Raises: ValueError – Exception thrown when model is not applicable to some domains or response types in the test data.

evaluate()[source]¶

Core evaluation routine.

Returns: Pandas dataframe containing the evaluation results.
Return type: pd.DataFrame

class ccobra.benchmark.ModelImporter(model_path, superclass=<class 'object'>, load_specific_class=None)[source]¶

Model importer class. Supports dynamical importing of modules, detection of model classes, and instantiation of said classes.
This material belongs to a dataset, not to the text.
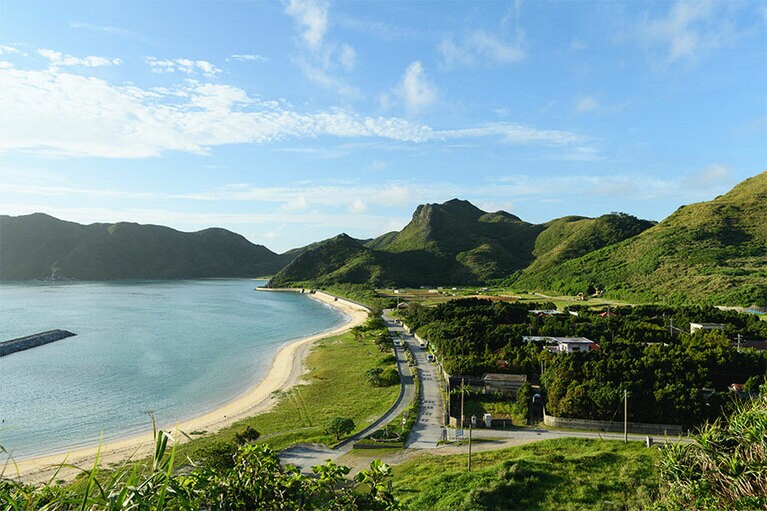 里御嶽から見た「あがり浜」。集落の両側は山が連なっています。約6000年前、集落のあったエリアは海で、運ばれてきた砂が堆積し、約3500年前から人が住み始めたと言われています。©渡名喜村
Imports a model based on a given python source script. Dynamically identifies the contained model class and prepares for instantiation.

Parameters

model_path (str) – Path to the python script to import. May be absolute or relative.
superclass (object, optional) – Superclass determining which classes to consider for initialization.
load_specific_class (str, optional) – Name of the class to load. Required if model file contains multiple CCobraModels.

Raises

ValueError – When multiple applicable model classes are found (determined via the superclass parameter). Only one single model is allowed per file.
ValueError – When no model with the given superclass is found.

get_class(model_path)[source]¶

Determines the model class attribute.

Parameters: model_path (str) – Path to the file to scan for CCobraModel classes.
Returns: CCobraModel class attribute.
Return type: str
Raises: ValueError – Thrown if the class to load could not be determined.
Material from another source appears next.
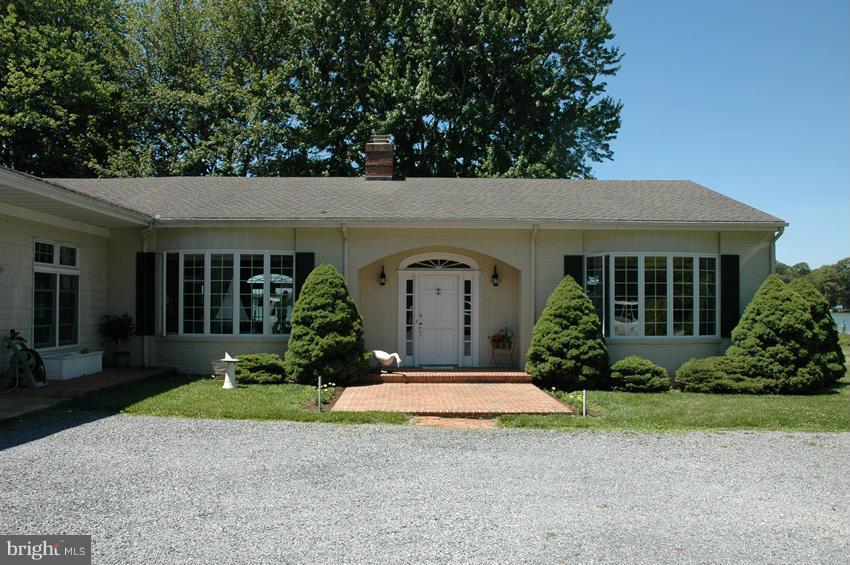 6840 Thorneton Road St. Michaels, MD 21663 - Photo 3 of 30 Exterior (General)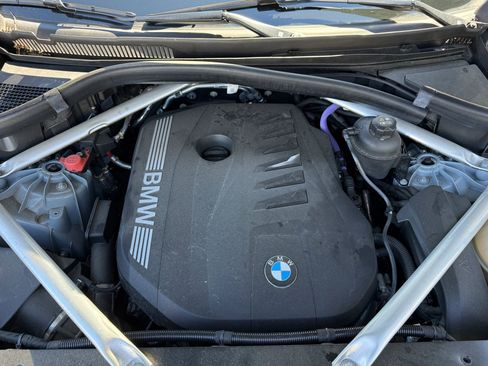 Used 2024 BMW X5 xDrive40i w/ M Sport Package image 43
instantiate(model_kwargs=None)[source]¶

Creates an instance of the imported model by calling the empy default constructor.

Returns: CCobraModel instance.
Return type: CCobraModel

unimport()[source]¶

Cuts off all dependencies loaded together with the module from the module graph.
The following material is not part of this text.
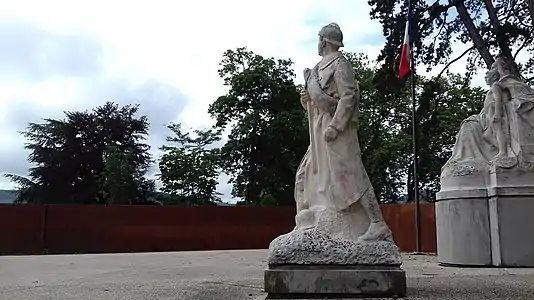 Albert Pasche Le poilu du monument aux morts du Parc des Glacis (Vue 2) (Août 2021).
Attention: Might cause problems with garbage collection.

class ccobra.benchmark.EvaluationHandler(data_column, comparator, predict_fn_name, adapt_fn_name, task_encoders, resp_encoders)[source]¶

Evaluation handler class used to handle an evaluation setting.

Initializes the Evaluation handler for a given data column and evaluation settings.

Parameters

data_column (str) – Name of the data column to predict.
comparator (ccobra.CCobraComparator) – Comparator to be used when comparing the prediction to the true value.
predict_fn_name (str) – Name of the predict function within the models-
adapt_fn_name (str) – Name of the adapt function within the models-
task_encoders (dict(str, ccobra.CCobraTaskEncoder)) – Dictionary specifying the task encoders to be used for the domains in the dataset.
resp_encoders (dict(str, ccobra.CCobraResponseEncoder)) – Dictionary specifying the response encoders to be used for the domains in the dataset.

adapt(model, item, full)[source]¶

Allows the given model to adapt to the true response to a given task.

Parameters

model (ccobra.CCobraModel) – Model to query.
item (ccobra.Item) – The item that the model should base the prediction on.
full (dict(str, object)) – Dictionary containing the true response and the auxiliary information.

get_result_df()[source]¶

Returns the results for the respective evaluation setting.

Returns: DataFrame containing the results for the evaluation setting.
Return type: pd.DataFrame

predict(model, modelname, item, target, aux)[source]¶

Queries a given model for the prediction to a given task and manages the results.

Parameters

model (ccobra.CCobraModel) – Model to query.
modelname (str) – Name of the model in the results.
item (ccobra.Item) – The item that the model should base the prediction on.
target (tuple) – True response for the given item.
aux (dict(str, object)) – Dictionary containing auxiliary information that should be passed to the model.